## WHAT IS NEEDED
Return only the lines of the data below from the line with "After the download" up to and including the line with "The other thing", exactly as written, with the pictures omitted.

## DATA EXCERPTS
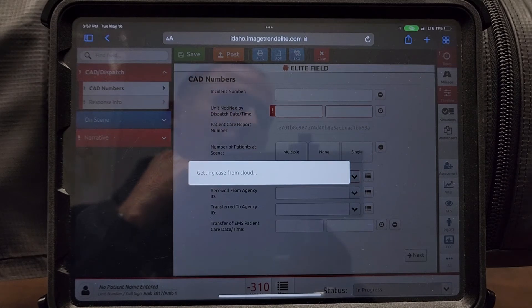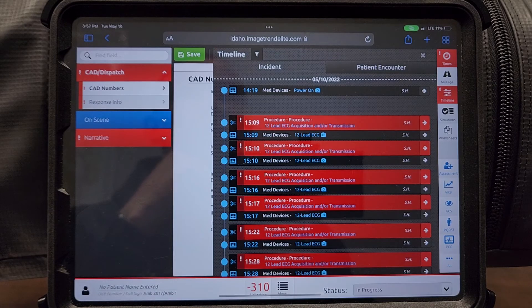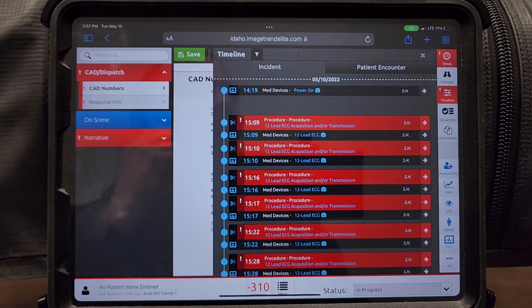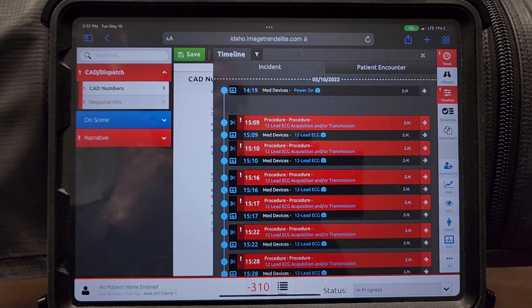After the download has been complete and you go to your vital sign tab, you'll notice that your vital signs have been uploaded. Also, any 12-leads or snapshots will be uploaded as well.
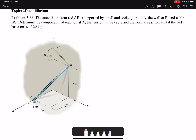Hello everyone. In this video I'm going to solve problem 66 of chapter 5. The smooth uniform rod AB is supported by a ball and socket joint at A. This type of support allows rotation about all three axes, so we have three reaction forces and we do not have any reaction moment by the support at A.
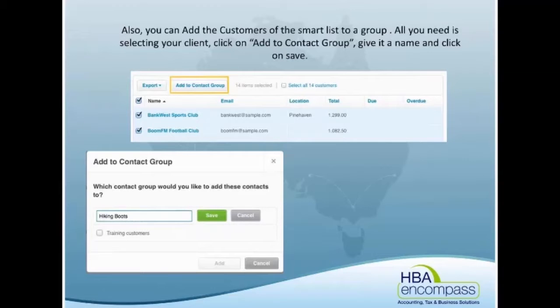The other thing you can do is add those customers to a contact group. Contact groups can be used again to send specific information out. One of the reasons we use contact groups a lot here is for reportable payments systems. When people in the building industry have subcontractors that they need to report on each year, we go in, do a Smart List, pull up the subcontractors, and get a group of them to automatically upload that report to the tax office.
---
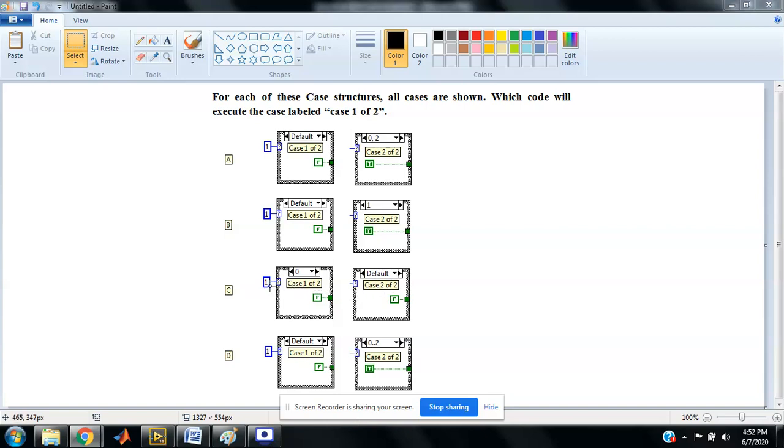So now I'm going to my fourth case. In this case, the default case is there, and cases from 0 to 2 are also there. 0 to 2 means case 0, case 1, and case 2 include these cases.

## ANSWER TO THIS EXERCISE
After the download has been complete and you go to your vital sign tab, you'll notice that your vital signs have been uploaded. Also, any 12-leads or snapshots will be uploaded as well.
Hello everyone. In this video I'm going to solve problem 66 of chapter 5. The smooth uniform rod AB is supported by a ball and socket joint at A. This type of support allows rotation about all three axes, so we have three reaction forces and we do not have any reaction moment by the support at A.
The other thing you can do is add those customers to a contact group. Contact groups can be used again to send specific information out. One of the reasons we use contact groups a lot here is for reportable payments systems. When people in the building industry have subcontractors that they need to report on each year, we go in, do a Smart List, pull up the subcontractors, and get a group of them to automatically upload that report to the tax office.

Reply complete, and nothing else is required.